TASK STATEMENT
Print exactly the lines from the one containing "Tek Kullanımlık İdrar" through the last line of the records below, both included, and nothing else; omit any pictures.

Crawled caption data
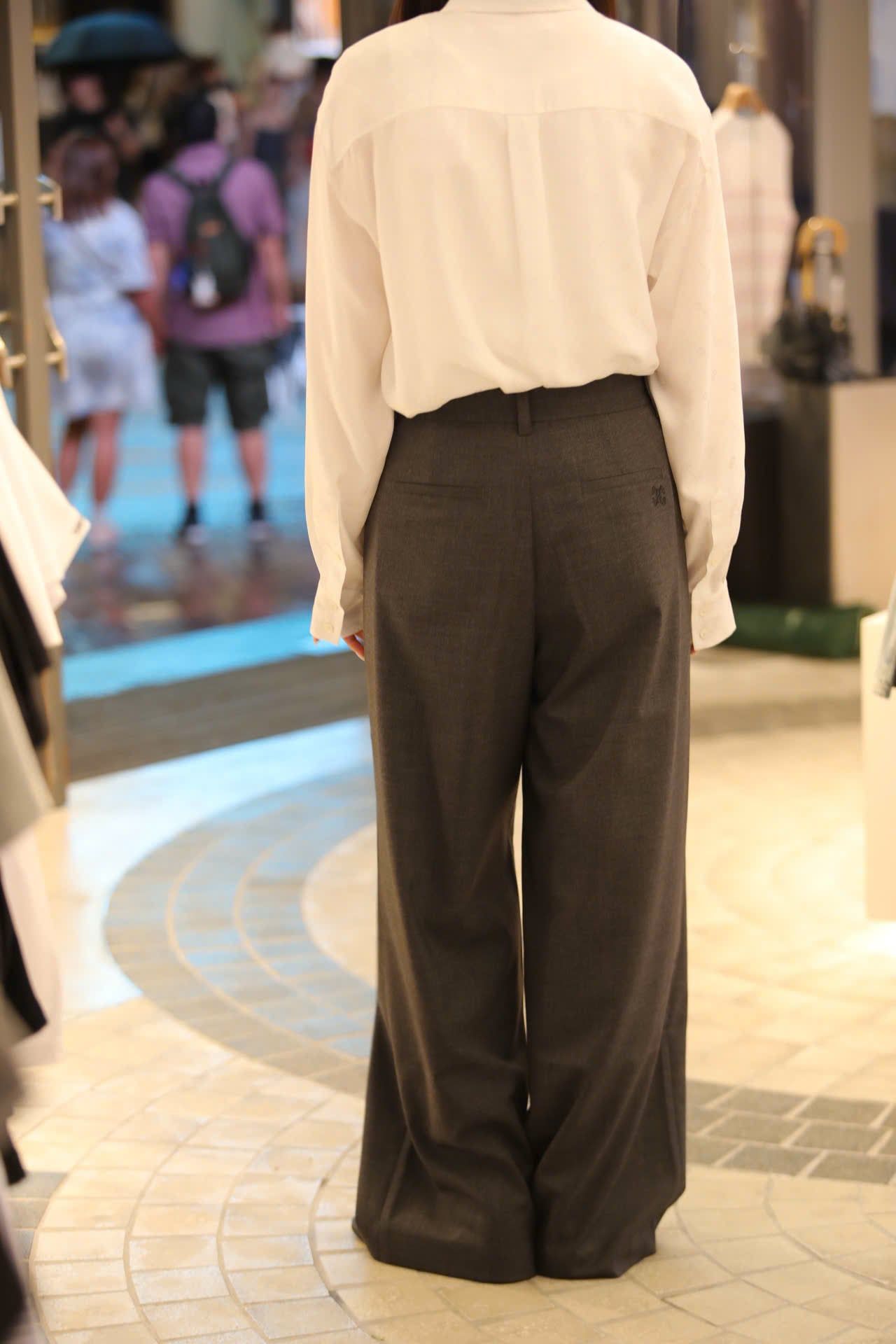  Quần vải xám mã 0406 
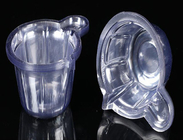 Tek Kullanımlık İdrar Kabı Plastik Numune Toplama PE Malzeme Şeffaf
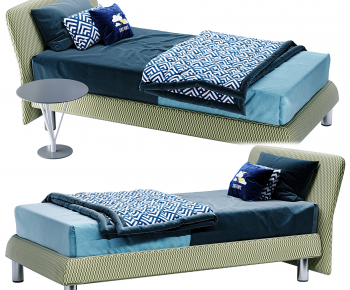 Modern Single Bed-ID:884730106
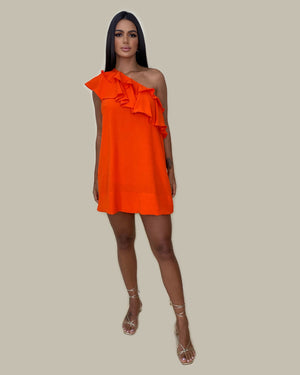 Vestido Lorrane - Laranja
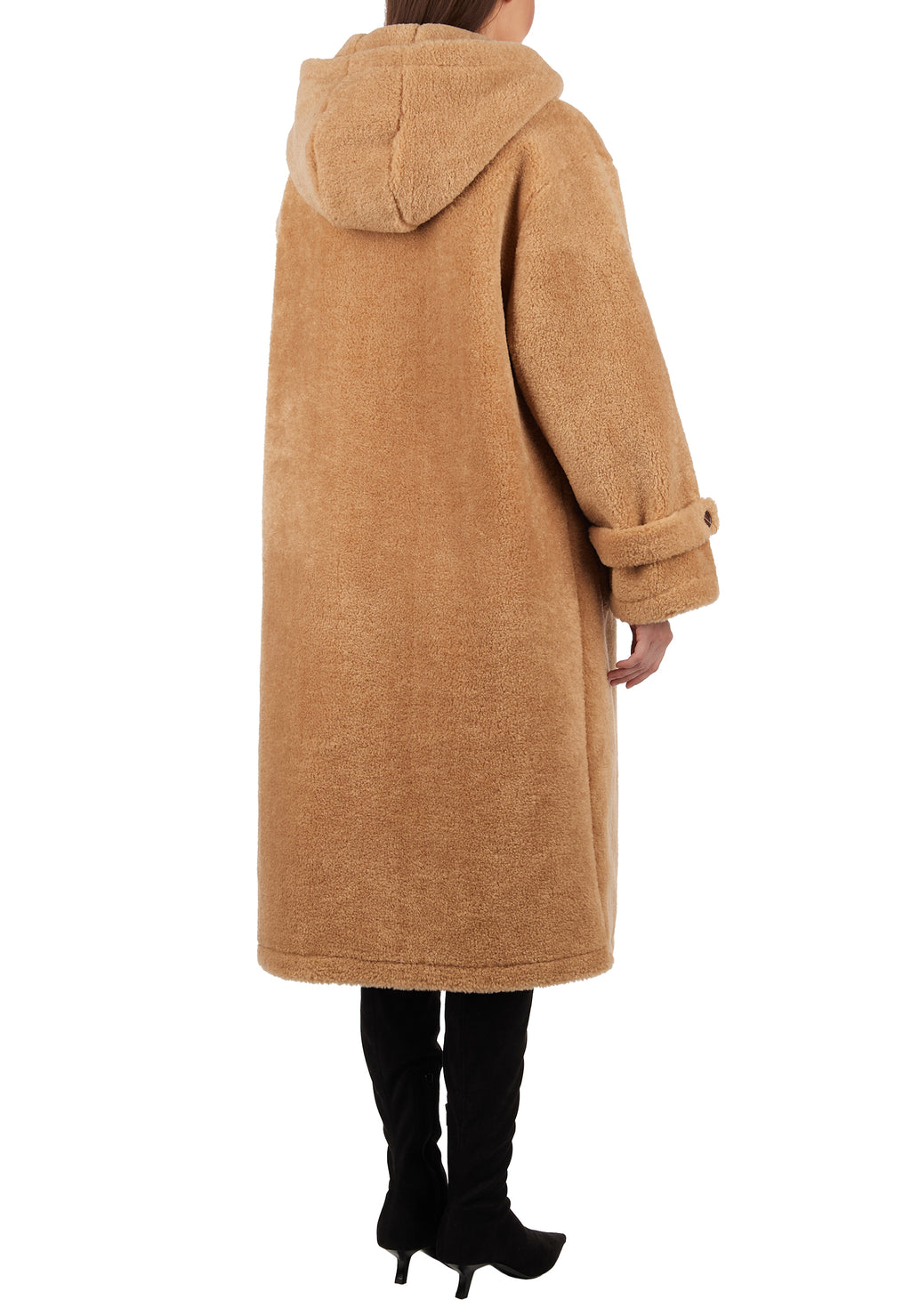 Brown Sfilato sheepskin coat - view 4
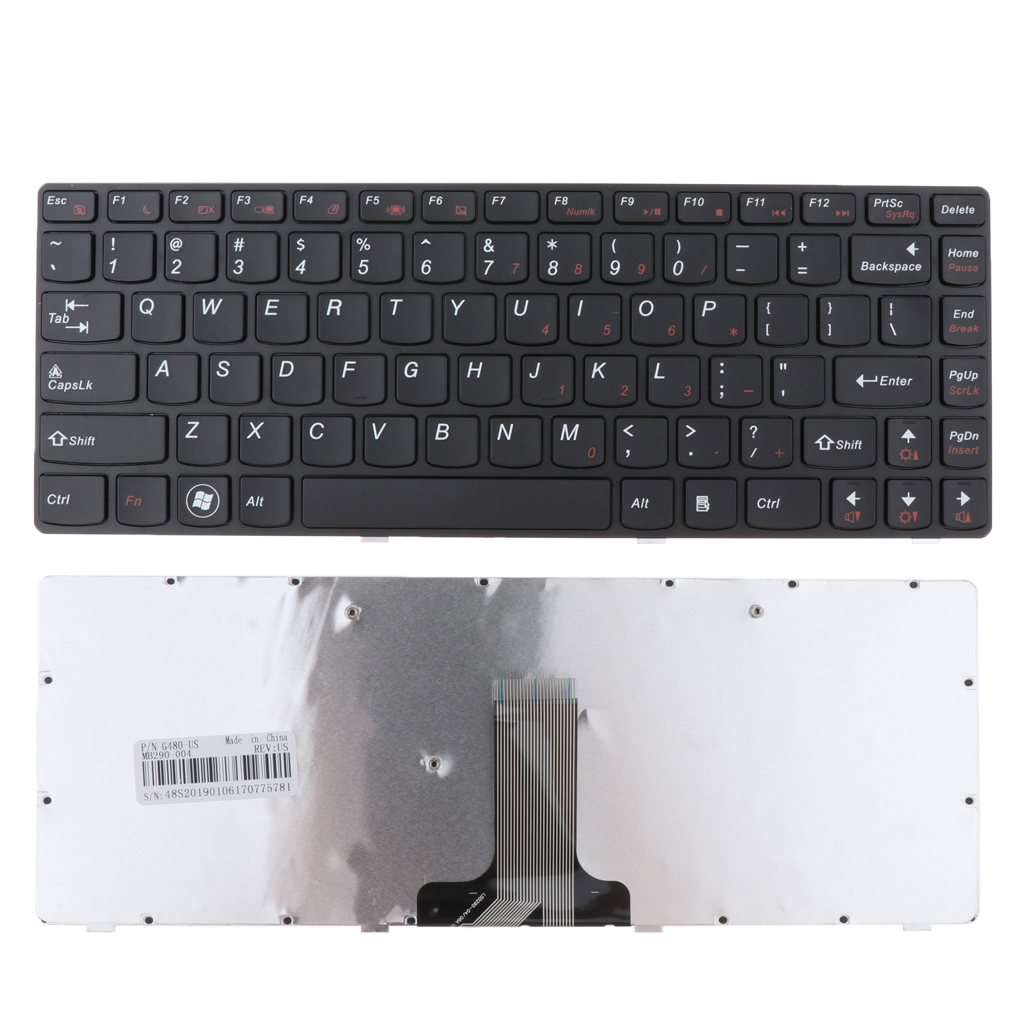 Novo teclado em inglês para layout de teclado Lenovo G400 EUA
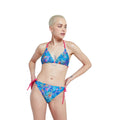 Blue - Lifestyle - Animal Womens-Ladies Riviera Printed Recycled Bikini Top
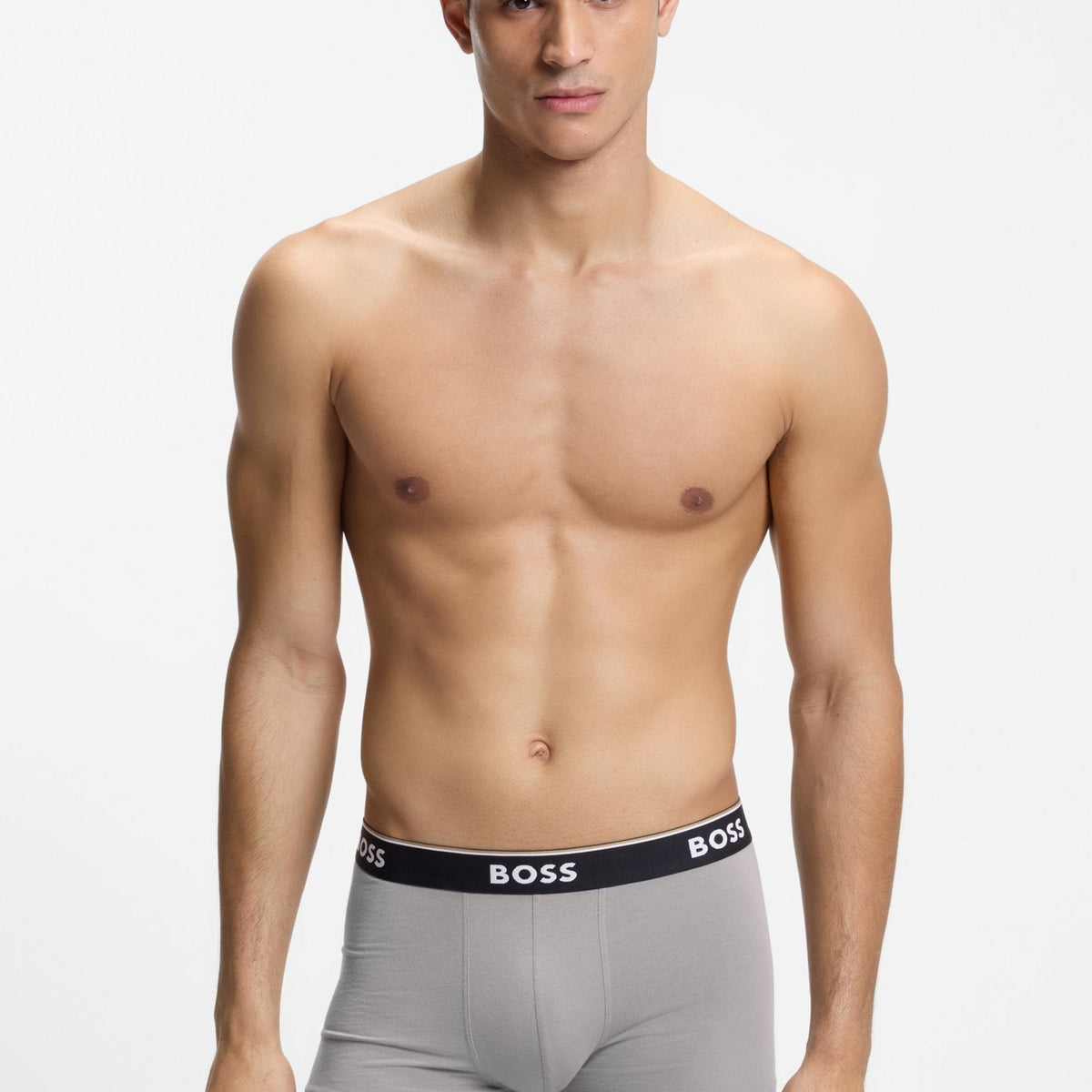 BOSS Power Design 3 Pack Stretch Cotton Trunks - Black / Grey Multi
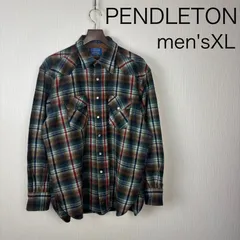 【好配色】PENDLETON ウール　ウエスタンシャツ　vintage 好配色】PENDLETON ウールウエスタンシャツvintage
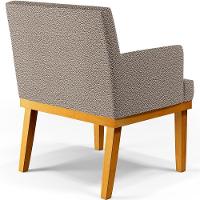 Kit 2 Poltronas Base Mel Beatriz W01 Bouclê Bege - 3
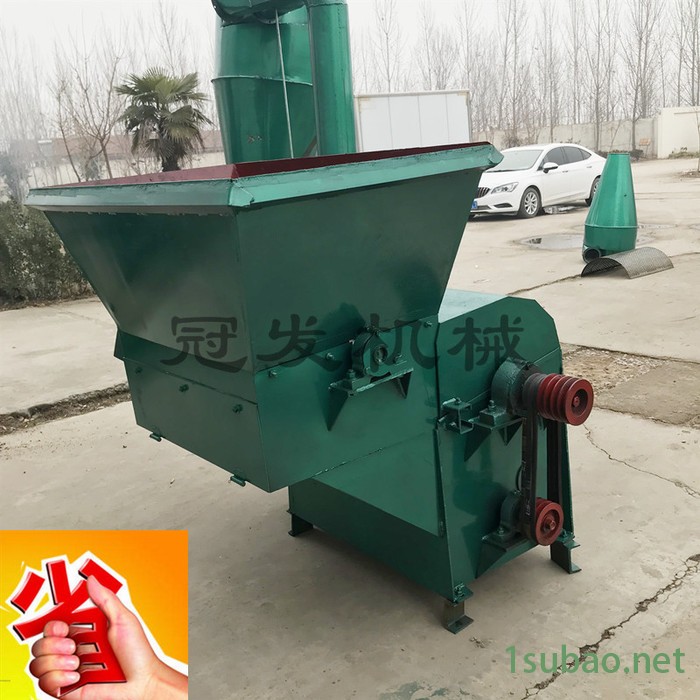 冠发 打糠机 多功能秸秆粉碎机 小型麦草粉碎机图2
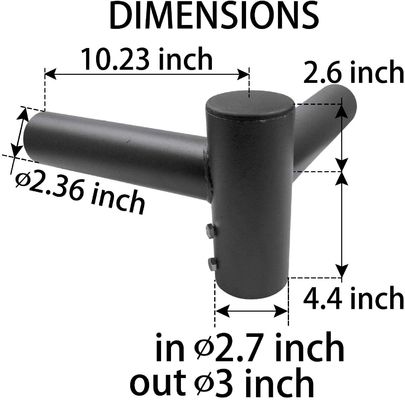 90 degrés, double pôle à rayons, support de monture supérieure avec structure à un seul côté et n'importe quelle couleur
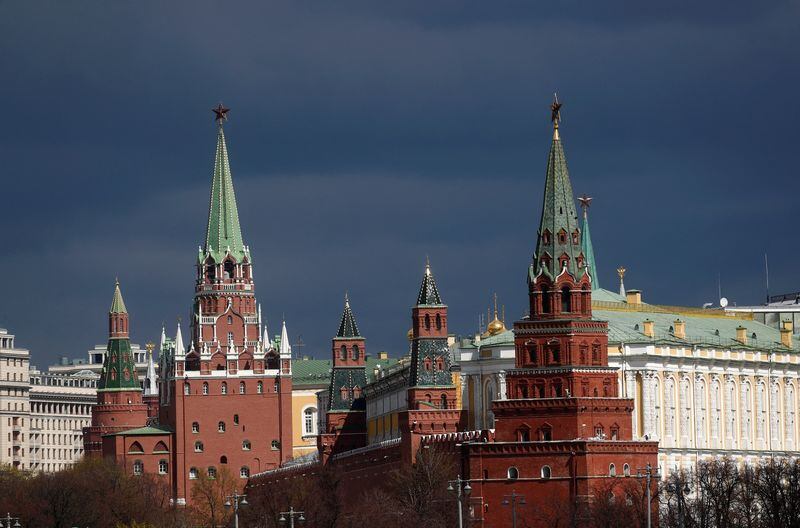 FOTO DE ARCHIVO: El Kremlin en Moscú, Rusia. 20 de abril de 2020. REUTERS/Maxim Shemetov/Foto de archivo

SOLUTION BELOW
 Tek Kullanımlık İdrar Kabı Plastik Numune Toplama PE Malzeme Şeffaf
 Modern Single Bed-ID:884730106
 Vestido Lorrane - Laranja
 Brown Sfilato sheepskin coat - view 4
 Novo teclado em inglês para layout de teclado Lenovo G400 EUA
 Blue - Lifestyle - Animal Womens-Ladies Riviera Printed Recycled Bikini Top
 BOSS Power Design 3 Pack Stretch Cotton Trunks - Black / Grey Multi
 【好配色】PENDLETON ウール　ウエスタンシャツ　vintage 好配色】PENDLETON ウールウエスタンシャツvintage
 Kit 2 Poltronas Base Mel Beatriz W01 Bouclê Bege - 3
 冠发 打糠机 多功能秸秆粉碎机 小型麦草粉碎机图2
 90 degrés, double pôle à rayons, support de monture supérieure avec structure à un seul côté et n'importe quelle couleur
 FOTO DE ARCHIVO: El Kremlin en Moscú, Rusia. 20 de abril de 2020. REUTERS/Maxim Shemetov/Foto de archivo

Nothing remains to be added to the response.